期刊名称:Proceedings of the National Academy of Sciences
印刷版ISSN:0027-8424
电子版ISSN:1091-6490
出版年度:2022
卷号:119
期号:29
DOI:10.1073/pnas.2204944119
语种:English
出版社:The National Academy of Sciences of the United States of America
摘要:Our recent work (
1) shows a program-learning model can acquire some key structures in natural language, including recursive hierarchies and patterns that require more than context-free capacities (
2).
Kodner et al.’s (KCY) commentary (
3) is based on several fundamental misunderstandings. Most notably, they claim that our “model transforms candidate hypotheses into probabilistic context-free grammars that are evaluated against the training data via Bayesian inference.” This is unambiguously incorrect: At no point does our model convert hypotheses into probabilistic context-free grammars. Not only does it not do that, but that approach could not work because we show that the model can learn languages that are not context-free: No method of comparing context-free grammars could learn the languages our model succeeds on. Our model compares programs, not grammars, and we showed examples of these programs in the paper.

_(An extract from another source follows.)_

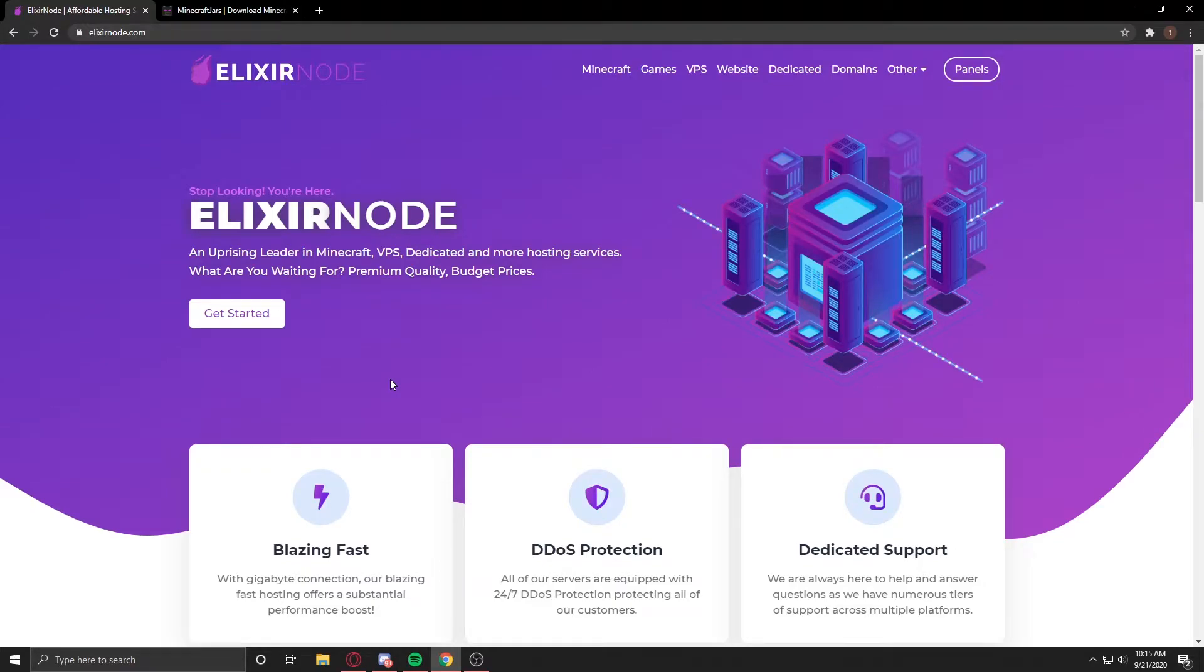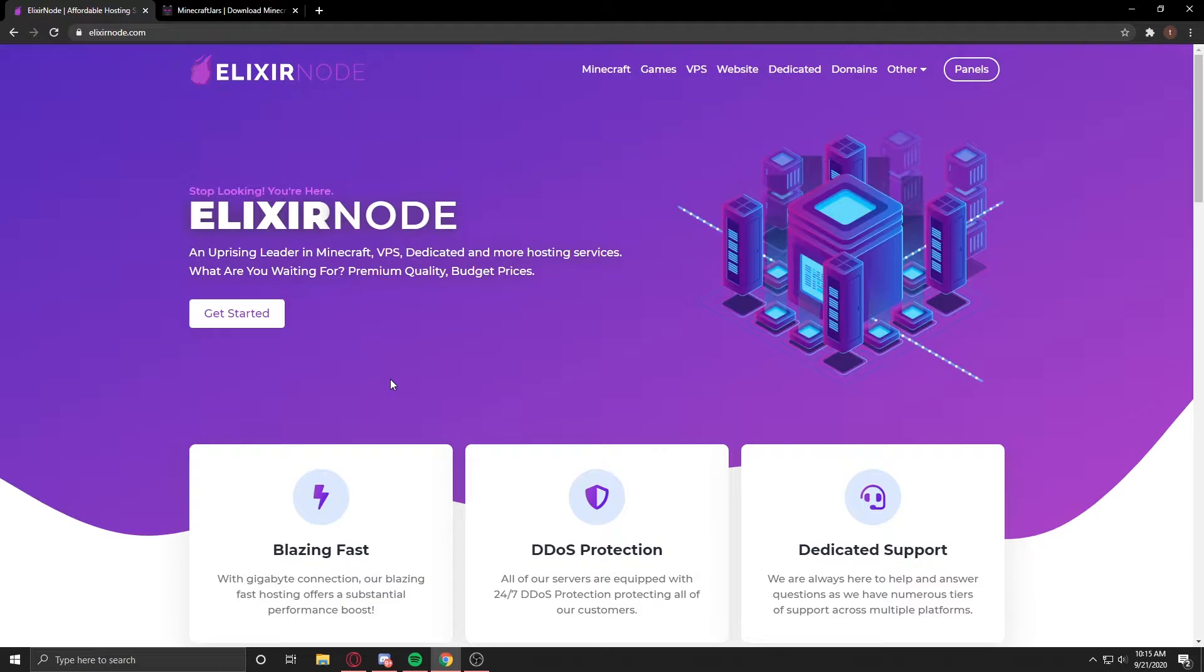Hello guys, this is Dal from Elixirnode. Today I'm going to show you how you can download your own custom Minecraft JAR that you can use on a Minecraft server or on a server that is hosted on a VPS. Let's get right into the video.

KCY claim we conceive of “language as strings” and we fail to recognize that language has structure. This is another fundamental misunderstanding. It is true that the data provided to the model are strings (sequences of characters), following prior work on learnability, but the model uses the strings to discover structure, much like a linguist would. Finding latent structure behind strings is the only way for the model to generalize beyond what it has seen, which our results document it does.
KCY contend that our analysis method is flawed because an n-gram model can show high performance on some languages when following our methods. Their interpretation is not correct. KCY only examined performance of an n-gram model on finite-state languages (figure 1 of ref.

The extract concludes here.